TRY IT:
Search the records below for "texture" and copy every line it turns up in.

SUPPLIED RECORDS:
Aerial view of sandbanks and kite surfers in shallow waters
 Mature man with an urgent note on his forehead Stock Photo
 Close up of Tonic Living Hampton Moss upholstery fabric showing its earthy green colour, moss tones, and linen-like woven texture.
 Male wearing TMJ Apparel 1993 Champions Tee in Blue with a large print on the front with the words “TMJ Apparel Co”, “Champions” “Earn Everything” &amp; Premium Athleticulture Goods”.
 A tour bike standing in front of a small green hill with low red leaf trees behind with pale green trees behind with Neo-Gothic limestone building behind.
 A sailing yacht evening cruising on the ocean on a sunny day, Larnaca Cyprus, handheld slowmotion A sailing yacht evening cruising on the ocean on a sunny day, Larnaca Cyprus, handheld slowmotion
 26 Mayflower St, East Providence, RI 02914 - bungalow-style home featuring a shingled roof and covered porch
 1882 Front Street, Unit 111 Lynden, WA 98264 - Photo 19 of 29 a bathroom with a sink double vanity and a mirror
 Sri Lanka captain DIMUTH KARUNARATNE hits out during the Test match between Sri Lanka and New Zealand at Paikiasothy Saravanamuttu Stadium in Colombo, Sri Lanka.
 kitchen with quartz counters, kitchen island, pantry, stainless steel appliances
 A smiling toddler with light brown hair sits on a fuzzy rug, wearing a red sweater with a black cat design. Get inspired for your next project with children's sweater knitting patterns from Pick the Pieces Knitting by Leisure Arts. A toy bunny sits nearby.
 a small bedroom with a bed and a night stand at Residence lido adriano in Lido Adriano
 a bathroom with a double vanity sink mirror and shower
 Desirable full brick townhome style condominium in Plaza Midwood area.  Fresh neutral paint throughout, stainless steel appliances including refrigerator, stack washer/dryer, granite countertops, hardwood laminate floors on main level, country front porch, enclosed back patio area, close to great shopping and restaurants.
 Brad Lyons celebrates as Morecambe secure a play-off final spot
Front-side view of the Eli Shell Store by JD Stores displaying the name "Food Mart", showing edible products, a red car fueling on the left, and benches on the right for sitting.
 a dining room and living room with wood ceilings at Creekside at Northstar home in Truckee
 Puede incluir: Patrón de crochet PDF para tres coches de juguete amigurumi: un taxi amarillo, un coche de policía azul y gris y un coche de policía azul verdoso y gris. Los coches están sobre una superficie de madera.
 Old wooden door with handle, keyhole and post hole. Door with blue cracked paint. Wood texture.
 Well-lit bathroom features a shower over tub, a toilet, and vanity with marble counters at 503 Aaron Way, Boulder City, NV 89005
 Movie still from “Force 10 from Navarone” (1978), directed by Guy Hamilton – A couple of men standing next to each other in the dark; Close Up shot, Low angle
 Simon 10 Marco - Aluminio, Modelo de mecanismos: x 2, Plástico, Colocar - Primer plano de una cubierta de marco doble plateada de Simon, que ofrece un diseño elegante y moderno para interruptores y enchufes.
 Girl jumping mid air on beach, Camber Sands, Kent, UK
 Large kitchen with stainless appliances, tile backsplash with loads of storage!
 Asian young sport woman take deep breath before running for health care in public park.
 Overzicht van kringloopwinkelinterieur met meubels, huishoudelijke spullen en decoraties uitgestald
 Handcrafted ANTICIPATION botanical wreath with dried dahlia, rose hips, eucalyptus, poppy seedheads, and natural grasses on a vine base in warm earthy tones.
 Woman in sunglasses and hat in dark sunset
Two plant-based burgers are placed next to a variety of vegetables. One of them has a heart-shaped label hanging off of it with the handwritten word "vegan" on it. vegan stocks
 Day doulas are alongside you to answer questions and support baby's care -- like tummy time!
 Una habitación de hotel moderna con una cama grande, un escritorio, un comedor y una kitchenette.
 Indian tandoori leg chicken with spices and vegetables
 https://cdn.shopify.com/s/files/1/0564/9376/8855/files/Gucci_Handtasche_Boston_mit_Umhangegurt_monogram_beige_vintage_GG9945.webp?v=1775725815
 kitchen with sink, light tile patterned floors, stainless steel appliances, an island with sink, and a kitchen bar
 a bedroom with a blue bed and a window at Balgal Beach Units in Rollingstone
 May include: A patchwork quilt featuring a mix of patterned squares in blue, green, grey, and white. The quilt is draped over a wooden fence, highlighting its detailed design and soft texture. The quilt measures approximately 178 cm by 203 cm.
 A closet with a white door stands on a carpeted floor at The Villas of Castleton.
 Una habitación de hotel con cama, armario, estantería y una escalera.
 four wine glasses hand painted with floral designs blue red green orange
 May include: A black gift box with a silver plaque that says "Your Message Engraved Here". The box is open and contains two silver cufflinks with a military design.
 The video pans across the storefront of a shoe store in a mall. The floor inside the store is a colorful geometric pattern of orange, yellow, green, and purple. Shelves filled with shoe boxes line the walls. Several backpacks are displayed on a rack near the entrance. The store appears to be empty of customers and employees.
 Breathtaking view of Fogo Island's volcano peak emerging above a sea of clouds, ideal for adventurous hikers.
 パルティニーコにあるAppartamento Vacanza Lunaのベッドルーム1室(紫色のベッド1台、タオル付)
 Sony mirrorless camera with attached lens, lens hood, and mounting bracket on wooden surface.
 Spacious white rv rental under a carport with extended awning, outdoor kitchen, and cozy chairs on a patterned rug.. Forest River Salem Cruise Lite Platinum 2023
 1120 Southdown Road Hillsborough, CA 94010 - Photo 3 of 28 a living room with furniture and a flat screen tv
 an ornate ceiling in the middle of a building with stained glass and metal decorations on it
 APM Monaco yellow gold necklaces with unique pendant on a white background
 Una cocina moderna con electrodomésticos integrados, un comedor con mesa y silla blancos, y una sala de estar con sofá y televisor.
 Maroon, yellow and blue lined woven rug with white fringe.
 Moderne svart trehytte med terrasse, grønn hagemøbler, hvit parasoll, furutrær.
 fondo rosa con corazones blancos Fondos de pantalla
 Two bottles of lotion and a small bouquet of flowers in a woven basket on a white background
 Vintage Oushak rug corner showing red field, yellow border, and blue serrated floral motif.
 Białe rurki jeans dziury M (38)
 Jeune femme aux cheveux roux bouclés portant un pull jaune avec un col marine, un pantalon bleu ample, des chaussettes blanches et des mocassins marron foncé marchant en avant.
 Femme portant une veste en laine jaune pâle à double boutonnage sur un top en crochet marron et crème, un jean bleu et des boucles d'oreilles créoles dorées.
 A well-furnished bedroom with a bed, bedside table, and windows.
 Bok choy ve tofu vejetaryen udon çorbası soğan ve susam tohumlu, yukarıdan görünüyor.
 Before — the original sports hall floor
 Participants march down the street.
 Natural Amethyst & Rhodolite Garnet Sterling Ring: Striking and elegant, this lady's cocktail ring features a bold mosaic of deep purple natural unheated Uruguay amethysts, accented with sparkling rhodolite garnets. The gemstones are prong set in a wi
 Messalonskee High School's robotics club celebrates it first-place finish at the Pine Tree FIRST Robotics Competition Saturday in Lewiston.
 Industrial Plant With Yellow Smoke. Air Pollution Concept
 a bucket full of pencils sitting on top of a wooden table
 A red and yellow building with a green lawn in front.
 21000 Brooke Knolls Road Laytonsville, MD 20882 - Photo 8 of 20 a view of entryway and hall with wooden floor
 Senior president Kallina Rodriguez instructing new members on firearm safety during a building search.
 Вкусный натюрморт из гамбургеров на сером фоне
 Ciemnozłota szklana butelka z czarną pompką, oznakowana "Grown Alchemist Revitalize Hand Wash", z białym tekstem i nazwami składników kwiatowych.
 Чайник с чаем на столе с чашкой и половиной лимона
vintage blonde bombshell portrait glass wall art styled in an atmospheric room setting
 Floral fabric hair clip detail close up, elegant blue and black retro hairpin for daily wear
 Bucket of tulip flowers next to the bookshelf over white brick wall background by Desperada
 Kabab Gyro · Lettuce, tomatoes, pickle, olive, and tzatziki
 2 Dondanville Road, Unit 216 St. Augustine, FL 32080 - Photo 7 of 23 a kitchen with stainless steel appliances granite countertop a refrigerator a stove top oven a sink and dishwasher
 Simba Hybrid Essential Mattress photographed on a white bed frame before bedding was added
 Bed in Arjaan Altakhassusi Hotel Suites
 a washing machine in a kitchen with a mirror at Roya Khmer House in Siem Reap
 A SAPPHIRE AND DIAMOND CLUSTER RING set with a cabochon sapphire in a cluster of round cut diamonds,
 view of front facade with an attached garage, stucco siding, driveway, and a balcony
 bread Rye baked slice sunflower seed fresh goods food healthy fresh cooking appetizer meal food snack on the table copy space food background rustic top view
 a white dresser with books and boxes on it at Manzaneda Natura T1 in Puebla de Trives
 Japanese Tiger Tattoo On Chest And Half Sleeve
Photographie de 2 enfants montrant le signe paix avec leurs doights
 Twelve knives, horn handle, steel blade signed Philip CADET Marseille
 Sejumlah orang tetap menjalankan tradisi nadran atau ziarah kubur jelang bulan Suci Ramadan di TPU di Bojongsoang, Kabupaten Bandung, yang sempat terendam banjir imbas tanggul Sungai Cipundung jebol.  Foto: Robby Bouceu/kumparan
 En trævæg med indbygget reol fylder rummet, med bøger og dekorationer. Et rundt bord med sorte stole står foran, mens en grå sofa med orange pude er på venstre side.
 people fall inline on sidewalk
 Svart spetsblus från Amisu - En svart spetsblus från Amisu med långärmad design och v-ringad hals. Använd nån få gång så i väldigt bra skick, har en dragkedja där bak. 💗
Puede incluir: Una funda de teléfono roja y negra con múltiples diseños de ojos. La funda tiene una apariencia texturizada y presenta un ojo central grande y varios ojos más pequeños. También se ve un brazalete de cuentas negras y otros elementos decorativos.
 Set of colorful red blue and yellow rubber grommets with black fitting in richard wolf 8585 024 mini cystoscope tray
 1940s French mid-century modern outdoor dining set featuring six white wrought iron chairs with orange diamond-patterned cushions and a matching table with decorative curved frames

OUTPUT OF THE EXERCISE:
 Close up of Tonic Living Hampton Moss upholstery fabric showing its earthy green colour, moss tones, and linen-like woven texture.
 Old wooden door with handle, keyhole and post hole. Door with blue cracked paint. Wood texture.
 May include: A patchwork quilt featuring a mix of patterned squares in blue, green, grey, and white. The quilt is draped over a wooden fence, highlighting its detailed design and soft texture. The quilt measures approximately 178 cm by 203 cm.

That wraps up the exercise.